> _What is being asked_
Among the lines below, copy exactly those from the one with "Thumbnail 1 Paul" through the one with "Miniatura 4 de", counting both ends.

(Records from a data collection)
==========

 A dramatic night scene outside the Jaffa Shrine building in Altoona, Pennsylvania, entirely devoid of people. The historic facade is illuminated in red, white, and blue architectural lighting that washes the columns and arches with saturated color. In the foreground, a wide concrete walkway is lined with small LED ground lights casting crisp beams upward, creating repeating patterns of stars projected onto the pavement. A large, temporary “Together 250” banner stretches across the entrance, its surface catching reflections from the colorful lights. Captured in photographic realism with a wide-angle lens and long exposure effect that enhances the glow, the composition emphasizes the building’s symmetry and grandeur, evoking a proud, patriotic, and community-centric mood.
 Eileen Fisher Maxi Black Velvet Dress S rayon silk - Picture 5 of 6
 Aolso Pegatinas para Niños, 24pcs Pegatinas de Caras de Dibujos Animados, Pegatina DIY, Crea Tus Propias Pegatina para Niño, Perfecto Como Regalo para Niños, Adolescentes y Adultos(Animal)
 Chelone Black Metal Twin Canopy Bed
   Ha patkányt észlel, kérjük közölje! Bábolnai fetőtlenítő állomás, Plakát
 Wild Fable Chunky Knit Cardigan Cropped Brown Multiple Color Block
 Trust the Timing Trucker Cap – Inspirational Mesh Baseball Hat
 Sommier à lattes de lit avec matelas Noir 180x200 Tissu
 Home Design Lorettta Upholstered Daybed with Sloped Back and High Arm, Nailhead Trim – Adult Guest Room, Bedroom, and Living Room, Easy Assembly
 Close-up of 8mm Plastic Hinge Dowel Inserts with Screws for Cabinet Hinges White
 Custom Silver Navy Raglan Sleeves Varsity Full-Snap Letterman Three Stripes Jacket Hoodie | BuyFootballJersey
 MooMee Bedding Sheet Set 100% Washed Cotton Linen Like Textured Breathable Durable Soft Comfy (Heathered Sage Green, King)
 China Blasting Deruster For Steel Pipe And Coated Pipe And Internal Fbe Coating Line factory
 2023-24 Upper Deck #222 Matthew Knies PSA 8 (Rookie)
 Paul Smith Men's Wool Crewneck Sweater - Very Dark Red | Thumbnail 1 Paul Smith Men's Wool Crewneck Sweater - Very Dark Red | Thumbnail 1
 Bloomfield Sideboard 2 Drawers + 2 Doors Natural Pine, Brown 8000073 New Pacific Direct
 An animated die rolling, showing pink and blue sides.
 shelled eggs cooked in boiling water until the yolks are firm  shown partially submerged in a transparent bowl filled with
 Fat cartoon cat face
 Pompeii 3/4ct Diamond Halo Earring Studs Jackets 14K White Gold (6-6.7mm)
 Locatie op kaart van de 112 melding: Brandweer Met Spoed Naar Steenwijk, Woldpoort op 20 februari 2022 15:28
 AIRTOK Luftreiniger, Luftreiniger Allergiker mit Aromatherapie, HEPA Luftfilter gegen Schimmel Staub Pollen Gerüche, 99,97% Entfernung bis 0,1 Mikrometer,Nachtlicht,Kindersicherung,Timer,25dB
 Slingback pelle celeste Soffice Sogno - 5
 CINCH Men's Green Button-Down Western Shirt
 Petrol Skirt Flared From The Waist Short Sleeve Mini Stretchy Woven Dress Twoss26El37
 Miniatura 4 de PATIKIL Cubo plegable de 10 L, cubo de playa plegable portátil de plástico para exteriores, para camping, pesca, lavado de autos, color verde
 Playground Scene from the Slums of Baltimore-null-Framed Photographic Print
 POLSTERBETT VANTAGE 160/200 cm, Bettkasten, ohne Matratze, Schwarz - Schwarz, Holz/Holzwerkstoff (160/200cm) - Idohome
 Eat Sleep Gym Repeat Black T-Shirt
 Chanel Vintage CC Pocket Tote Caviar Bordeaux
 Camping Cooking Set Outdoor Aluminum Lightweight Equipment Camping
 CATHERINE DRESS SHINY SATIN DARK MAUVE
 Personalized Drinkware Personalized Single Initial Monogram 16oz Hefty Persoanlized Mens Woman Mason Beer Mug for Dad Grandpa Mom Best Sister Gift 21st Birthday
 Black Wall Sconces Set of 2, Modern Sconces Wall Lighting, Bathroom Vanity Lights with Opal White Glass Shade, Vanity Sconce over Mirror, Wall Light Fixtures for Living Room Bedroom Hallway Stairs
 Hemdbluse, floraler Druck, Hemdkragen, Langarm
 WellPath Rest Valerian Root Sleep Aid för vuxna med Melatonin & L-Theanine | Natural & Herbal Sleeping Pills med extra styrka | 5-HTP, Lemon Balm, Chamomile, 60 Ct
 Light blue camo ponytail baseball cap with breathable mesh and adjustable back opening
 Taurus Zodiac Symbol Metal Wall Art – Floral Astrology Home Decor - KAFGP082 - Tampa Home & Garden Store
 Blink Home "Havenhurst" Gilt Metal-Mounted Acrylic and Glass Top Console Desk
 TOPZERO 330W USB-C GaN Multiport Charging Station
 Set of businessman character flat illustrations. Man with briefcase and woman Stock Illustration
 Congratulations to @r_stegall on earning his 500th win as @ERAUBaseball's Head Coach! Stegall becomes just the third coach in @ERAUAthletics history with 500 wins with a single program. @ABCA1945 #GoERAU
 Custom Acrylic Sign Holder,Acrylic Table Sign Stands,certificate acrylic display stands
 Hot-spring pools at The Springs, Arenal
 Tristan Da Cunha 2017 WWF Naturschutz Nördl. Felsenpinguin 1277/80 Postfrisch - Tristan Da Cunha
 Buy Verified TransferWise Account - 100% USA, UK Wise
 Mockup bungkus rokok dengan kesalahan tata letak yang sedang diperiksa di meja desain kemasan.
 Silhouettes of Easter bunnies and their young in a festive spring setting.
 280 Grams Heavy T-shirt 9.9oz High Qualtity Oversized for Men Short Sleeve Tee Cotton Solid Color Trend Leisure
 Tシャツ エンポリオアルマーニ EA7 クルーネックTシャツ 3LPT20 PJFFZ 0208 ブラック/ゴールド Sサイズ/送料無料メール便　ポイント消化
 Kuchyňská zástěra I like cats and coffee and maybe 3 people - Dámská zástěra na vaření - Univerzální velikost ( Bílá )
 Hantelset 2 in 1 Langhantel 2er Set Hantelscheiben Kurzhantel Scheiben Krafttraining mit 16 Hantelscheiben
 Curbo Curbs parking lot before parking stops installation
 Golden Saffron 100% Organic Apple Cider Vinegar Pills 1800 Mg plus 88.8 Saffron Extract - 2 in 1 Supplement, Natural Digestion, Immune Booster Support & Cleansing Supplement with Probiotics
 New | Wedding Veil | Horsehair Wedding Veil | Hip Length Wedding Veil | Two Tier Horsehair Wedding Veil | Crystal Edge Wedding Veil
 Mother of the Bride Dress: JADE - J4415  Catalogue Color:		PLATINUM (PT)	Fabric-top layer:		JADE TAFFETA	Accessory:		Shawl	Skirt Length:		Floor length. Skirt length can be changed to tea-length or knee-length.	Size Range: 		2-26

==========

> _Result of this exercise_
 Paul Smith Men's Wool Crewneck Sweater - Very Dark Red | Thumbnail 1 Paul Smith Men's Wool Crewneck Sweater - Very Dark Red | Thumbnail 1
 Bloomfield Sideboard 2 Drawers + 2 Doors Natural Pine, Brown 8000073 New Pacific Direct
 An animated die rolling, showing pink and blue sides.
 shelled eggs cooked in boiling water until the yolks are firm  shown partially submerged in a transparent bowl filled with
 Fat cartoon cat face
 Pompeii 3/4ct Diamond Halo Earring Studs Jackets 14K White Gold (6-6.7mm)
 Locatie op kaart van de 112 melding: Brandweer Met Spoed Naar Steenwijk, Woldpoort op 20 februari 2022 15:28
 AIRTOK Luftreiniger, Luftreiniger Allergiker mit Aromatherapie, HEPA Luftfilter gegen Schimmel Staub Pollen Gerüche, 99,97% Entfernung bis 0,1 Mikrometer,Nachtlicht,Kindersicherung,Timer,25dB
 Slingback pelle celeste Soffice Sogno - 5
 CINCH Men's Green Button-Down Western Shirt
 Petrol Skirt Flared From The Waist Short Sleeve Mini Stretchy Woven Dress Twoss26El37
 Miniatura 4 de PATIKIL Cubo plegable de 10 L, cubo de playa plegable portátil de plástico para exteriores, para camping, pesca, lavado de autos, color verde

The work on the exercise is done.